By contrast, an intentional community strives to recognize how members share resources and how this can be done more sustainably.
"There are so many people out there who've been doing this since the cultural revolutions of the '60s and '70s, and now we're getting better at it," she says, "but still it's hard, especially with human connections and communication."
Sundog's early successes and growing pains informed a theme that began to develop in Baquero's mind, a concept of a new kind of human being: not Homo sapiens, but Eco sapiens.
The prefix eco- is derived from the Greek oikos, or house. Lately it has come to mean "green" or "environmentally friendly" and refers generally to the ecology of our planet, our home. So this new race isn't based on thinking (sapiens) about itself (homo) but about its environment, its home and the planet Earth.
The term was popularized by David Haenke, coordinator of the North American Bioregional Congress and one of the founders of a growing ecological movement that attempts to explore humanity's place in the ecology of the planet rather than consider "the environment" as something external to civilization.

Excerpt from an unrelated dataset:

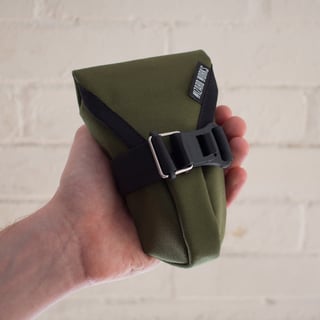 Small Teeny Houdini in olive green, held in a hand to show its size.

Haenke's predictions for Eco sapiens go beyond a shift of ideals, according to Baquero. She recalls his description of scientific advances that include human uses of chlorophyll to gather energy from the sun, like plants, and the image struck her quite literally.
"I started seeing all these pictures of people with leaves growing out of them and fruits coming through their feet, because he described this as a new form of the human race where we would be in complete understanding that we are the Earth, and that we have an intimate relationship with Earth," she says. "That's how the seed got planted, and of course I have informed my experience by living in the ecovillage trying to create this work and to see myself as somebody who can manifest this evolution."
At first, as Baquero tried to capture her visions on canvas, the images seemed forced and unrealistic, but she came to understand them as tools, or "little ideas for us to visualize ourselves transforming," she says.
Baquero thinks of herself as an urban type. She isn't disposed to "digging in the dirt," she says, but her convictions have driven her to connect more intimately with the natural world. Wrestling with the concept of Eco sapiens is, for her, a personal transformation, and metamorphoses aren't easy.
"How painful it is!" says Baquero. "Imagine a tree growing out of your body. That is painful. And to see yourself as dependent on the Earth, that is difficult, because we're always making decisions that are not Eco sapien."
Though Baquero sees this transformation as beautiful, it is also frightening and difficult. One painting depicts a sturdy, curvaceous Tree of Life in the Mexican tradition, hung with delicately rendered artifacts of daily life, like a folded towel, bicycle and a military tank. Each object cradled in the branches seems delicate and fragile compared to the robust tree. At first the viewer may be tempted to interpret each image: The bicycle is good; the tank is bad. But it becomes difficult to give any object a definite value, and the tree itself overwhelms all.
"Nature goes beyond judgment of human action," says Baquero, "the Earth doesn't really need us."
But we need the Earth. That may be the first lesson of becoming Eco sapiens.
Penélope Baquero's Ecosapien Evolution exhibit opens at Bernice's Bakery Friday, Nov. 6, with a reception from 5-8 PM.